Wealth industry figures recently gathered at the launch of a new research report by this publication to talk about improving how firms report to clients - and why the standards aren't yet good enough.
Improving client reporting may have sunk towards the bottom of
wealth managers’ to-do lists for fairly understandable reasons,
yet continued neglect is starting to look like a very dangerous
strategy indeed – that was the message from industry luminaries
gathered to launch this publication’s latest research paper,
Client Reporting – Regulatory Burden or Client Engagement
Tool?
Setting the scene was Chris Brown, wealth management and private
banking sector head at Computershare
Communication Services, who observed that in a
compliance-dominated landscape many institutions have lacked the
wherewithal – and will – to make enhancements. “Post-2008, the
wealth management world has been completely driven by regulation
and reporting has been seen as predominantly a regulatory piece
as the industry hasn’t previously had to consider too much how
well it engages with clients,” he said. “There’s been an attitude
of ‘let’s not fix what isn’t broken'.”
Not broken from a strictly regulatory perspective? Perhaps. But
our expert panel wasted no time in setting out why reporting is
often not delivering everything it should to clients, and the
multitude of business benefits complacent firms are failing to
capture by not recognising it as the powerful differentiator it
so clearly can be.
“As an industry, is reporting as good as it could be? The answer
is clearly no - you only have to look at clients’ frustrations to
see that,” said Tim Tate, head of customer experience for
Barclays UK, who
made it clear that obscure reporting is as much of an issue for
bankers as it is for clients, acting as a barrier to best
practice, better relationships and efficiency.
As Tate explained: “When you talk to clients, and to bankers, all
too often people are spending their time explaining facts rather
than having value-add conversations. Why are they doing that?

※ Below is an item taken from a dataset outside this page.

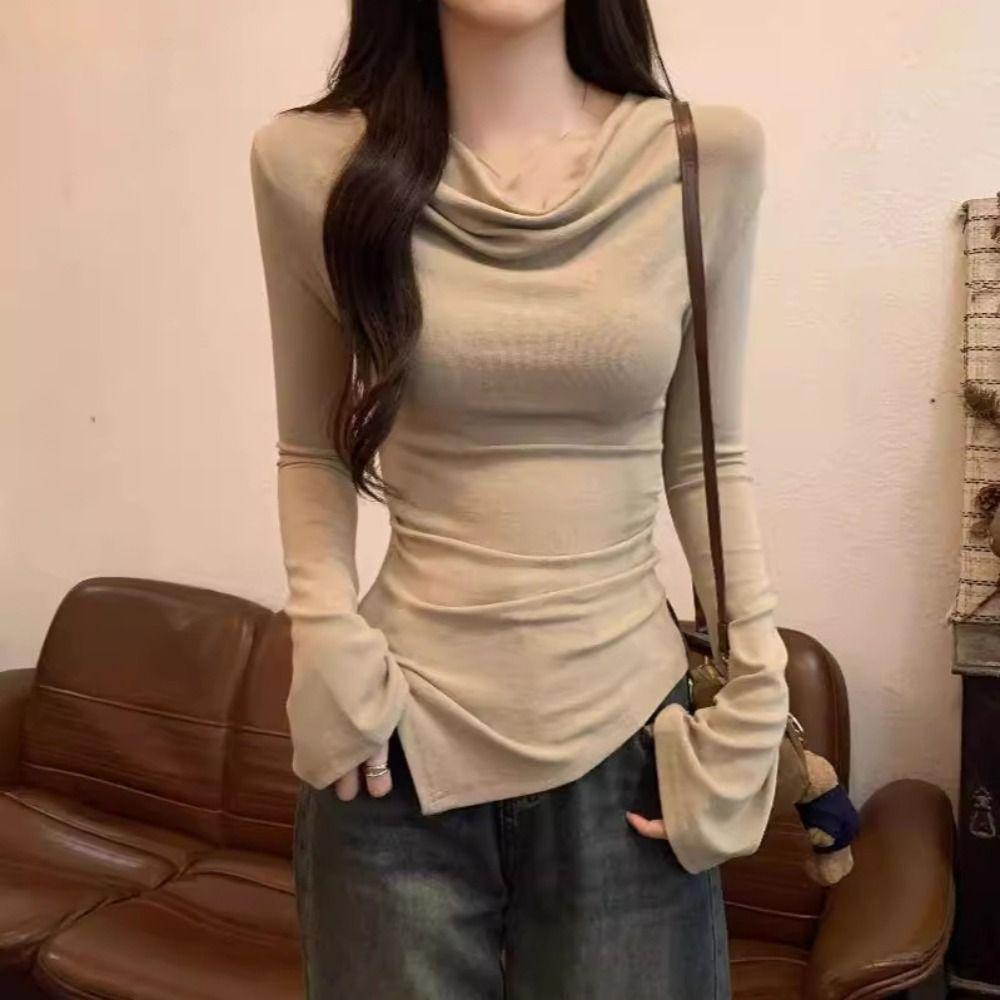 Irregular Slanted Shoulder Pullover Slim Fit T Shirts Women Y2k Fashion Long Sleeve T-shirt Spring
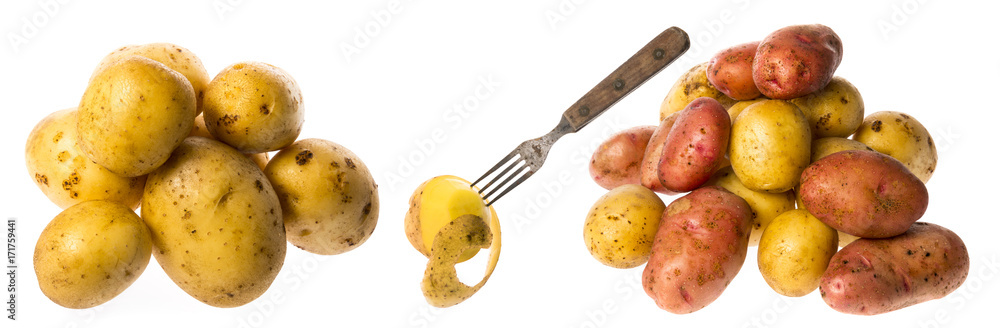 Wall mural a fresh raw potatoes on a white background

Because often the reporting is failing to deliver the key
messages to clients in a way that they can understand.
“Those key messages are: What have I got, how is it doing and how
much is it costing me? If you answer those three questions really
clearly you can get into those value-add conversations much
quicker, rather than spending half the meeting explaining the
latest statement. That’s obviously not working.”

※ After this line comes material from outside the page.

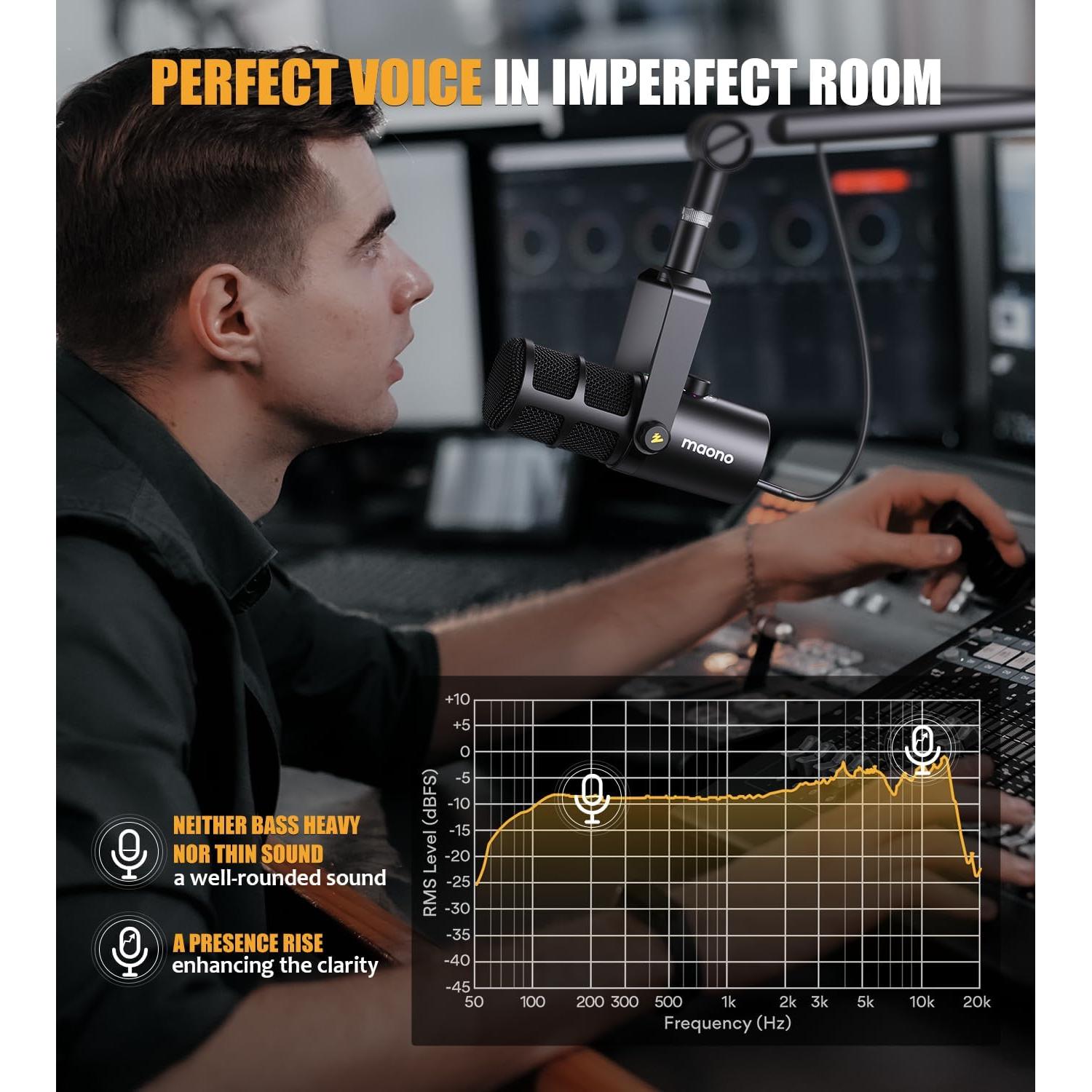 Micrófono XLR MAONO PM320S + PD400X para Podcast y Estudio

Greg Davies, Head of Behavioural Science at Oxford Risk, put the
generally parlous state of client reporting down to the fact that
up until now it has never really been seen as a client engagement
tool. The industry’s left-brained mindset, alongside technical
and budgetary barriers, has cast a long shadow.
“Many reporting systems were designed a very long time ago simply
to play back a host of numbers, by people who are very
comfortable with numbers, working under the assumption that
everyone else also is and that’s what they want to see,” he
said.
Emotional intelligence
In Davies’ view, the sector must recognise that from a
behavioural perspective the information clients see on their
portfolio performance is “a primary driver of their emotional
state and therefore what they do next”; much mischief can come
from the “huge disconnect” he sees between the information played
back and that which is actually needed and useful.

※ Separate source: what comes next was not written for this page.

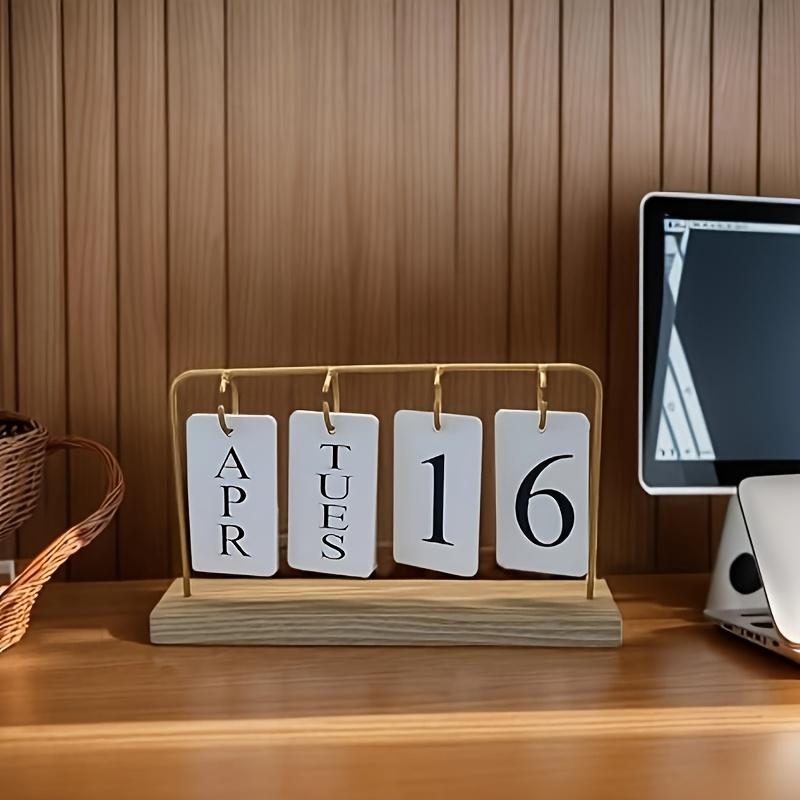 1PC Classic Wooden Calendar, Flip-page Calendar, Displaying The Month and Date, Perfect for Decorating Your Desk or Home with A Gold Border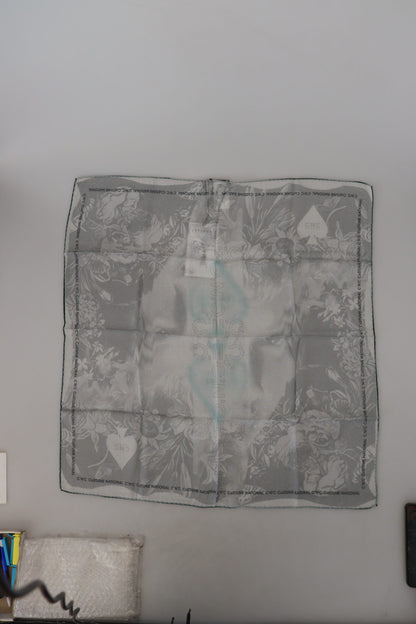 Gray Print Shawl Foulard Branded Scarf-Costume National-LabelTerrace.com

“We as an industry tend to pump information in far too much
granularity and covering far too short timeframes at people whose
overall aim is growing their wealth in the long term,” he said.
“When there is a disconnect between the information we show and
clients’ objectives we are asking for an emotional response that
will inevitably lead to untoward investment behaviours.”
Davies advocated a blurring of boundaries between reporting and
engagement as personalisation, in line with investors’ financial
personalities, to be brought to the fore: “At heart, wealth
managers’ reporting should be telling a client that their
portfolio is doing what it was intended to do – and presenting
information in such a way as to make them feel comfortable with
that so they stick with it.” Investors less sanguine about risk
should be reported to less frequently and at a higher-level than
those more comfortable with the markets’ ups and downs, for
example.
The personalisation of investment commentary was also a
significant theme, with Davies arguing that much of what is
typically provided is “useless or even harmful”, and Tate
exhorting firms to always think in terms of the client asking “So
what?” as they attempt to pick through reams of generic content.
As touched on during the debate and explored more deeply in the
report, the industry needs to be moving towards commentary
aligned with individual portfolios which is generated as
automatically as possible. Fintechs are working on these kinds of
capabilities now but, as Tate observed, they probably lie a long
way off for an industry still broadly grappling with legacy
systems.
A massive step further forward
In the view of Richard Charnock, CEO of Standard Life
Wealth, much of the industry has become stuck at the stage of
keeping pace with the regulatory requirements for reporting;
grappling with changes like MiFID II’s ex-ante and ex-post cost
disclosures, alongside the need to notify clients if their
portfolio falls by 10 per cent, will have made many firms –
particularly smaller ones – forget more substantive reporting
enhancements for the time being.
He said: “Understandably, we get obsessed with the regulatory
requirements that condition reports and getting them right within
the rules. To do that you’ve got to get all the data to feed in
from your platform to generate a compliant client report, which
is challenging enough. Then to upgrade it - to refine it, finesse
it, contextualise it and make it digital - is a massive step
further forward.
“Reporting is a regulatory requirement in a lot of houses; to go
to the next stage and meet the client demand is a big budget
strain and a lot simply haven’t got the resources to do it.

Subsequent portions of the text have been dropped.